Another factor are the spectators, who are always very passionate, sometimes even too much. These stages are always packed with people. Although there are almost no access roads for most of the stages, people just park up in the terrain and camp overnight to see the action. This can be seen in increasing amounts during the weekend, concluding with the Sunday stages, whose stage side banks are just covered in parked cars, tents and barbequeing people.
The shakedown route of Villa Carlos Paz – Cabalango has been in use for years. It starts on a narrow and bumpy road which is quite twisty and becomes soon a bit faster and wider. The ending is then driven on a very wide and fast-flowing road. Argentina has such a vast mix of road types that this probably isn’t enough to represent everything, but it would be difficult to do it on a single stage. However, the lack of water splashes is unforgivable.
The opening super special at Villa Carlos Paz is a modern street stage including roundabout circles and same sections driven multiple times in different directions. Most of the stage is driven on tarmac, but a short park passage is gravel-surfaced. Not the worst of the season, but not the best either.
Once the stage starts, it’s dark in Argentina. Last year the organizers advised the drivers not to use additional lights because they don’t look good on television. However, it seems no one obeyed the advise.
The Friday stages are driven South of Cordoba. For this year they remain largely unchanged from last year. They are known for being softer and more sandy than on the other days.
Las Bajadas – Villa del Dique has been a staple of the rally for decades. It returned onto the route last year, having been absent since 2011, although the ending was driven in the meantime on a few occasions with various beginnings.
The road is quite wide but seems to have been carved into the ground with banks on the side and a sandy base. The road is very bumpy and rough at places with often stones on the line. Some sections are frighteningly fast, up to the rev limiter on the top gear, whereas some sections need to be taken with caution and slow pace, although nothing is particularly technical.
This stage is notorious for being the place where Ari Vatanen had his big accident in 1985 on a Group B Peugeot 205 T16. The place appears about 5 km into this year’s stage. It’s a fast part, but seemingly harmless. In fact, what caused Vatanen’s accident was a big hole in the road, carved by a truck which had been stuck on the road in rainy conditions just before the rally. Everyone else braked on the hole, Vatanen didn’t even lift.
Last year Ott Tänak hit a stone and spun here, losing time and bending the steering. It was an early setback, but by the time he got back to service, he was already leading. On the second run Esapekka Lappi and Andreas Mikkelsen suffered punctures whereas Teemu Suninen had a lucky escape going wide into a bank.
Stages starting from Amboy have been a part of the rally for decades, often ending to Santa Monica. However, during the last decade the long Amboy – Yacanto has become a somewhat staple stage. The ending was already shortened for last year to 33 km, and now it has been shortened again to 30 km, but still it is the longest of the day and the second-longest of the rally.
The stage shares the sandy and bumpy nature of the previous stage.
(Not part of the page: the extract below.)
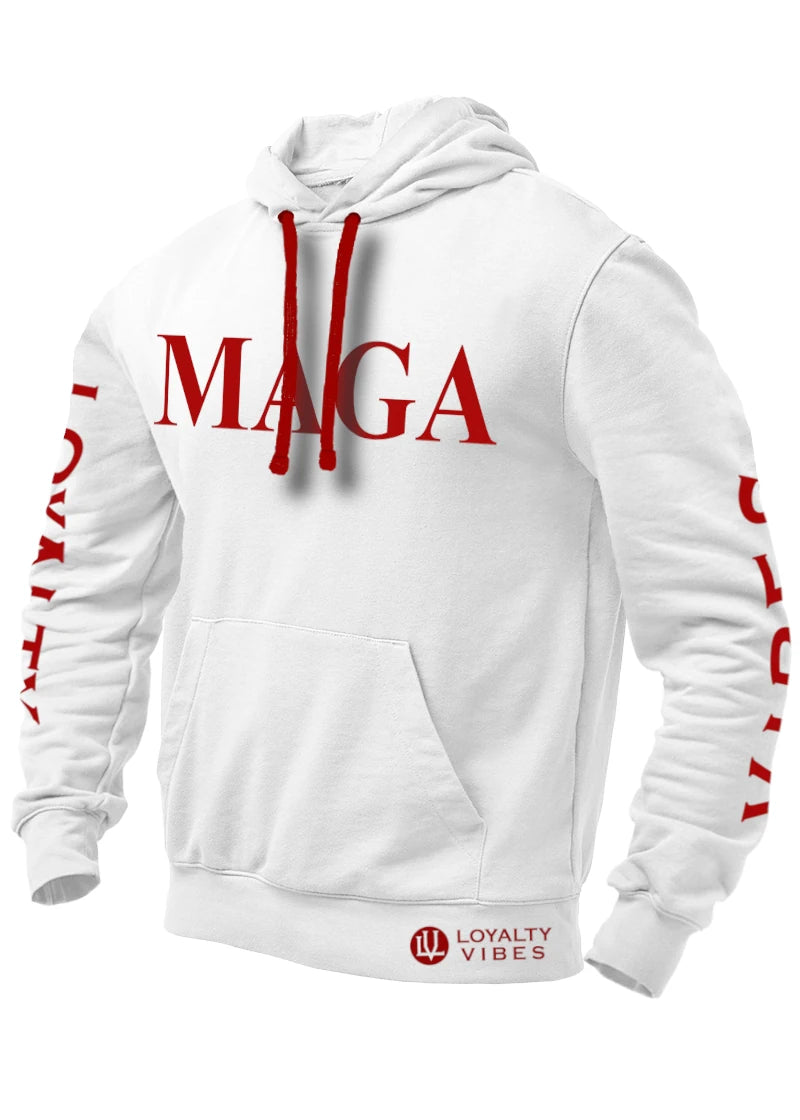 MAGA Hoodie - White/Red - Loyalty Vibes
However, this one begins on a narrower road with more tight corners, but contains still a fair share of rev-limiter tests as well. At 9 km the stage turns onto a wider road which contains soon the first river crossing of the rally. At 14 km there’s a big jump and another turn to a road which alternates from narrow, rough and technical to wide and fast in a blink of an eye. Finally the last 2 km of the stage climb up a small mountain.
In 2014 Kris Meeke went into a bank on this stage. Meanwhile, last year this stage ended Jari-Matti Latvala’s rally, with a stone breaking the front suspension near the end of the stage.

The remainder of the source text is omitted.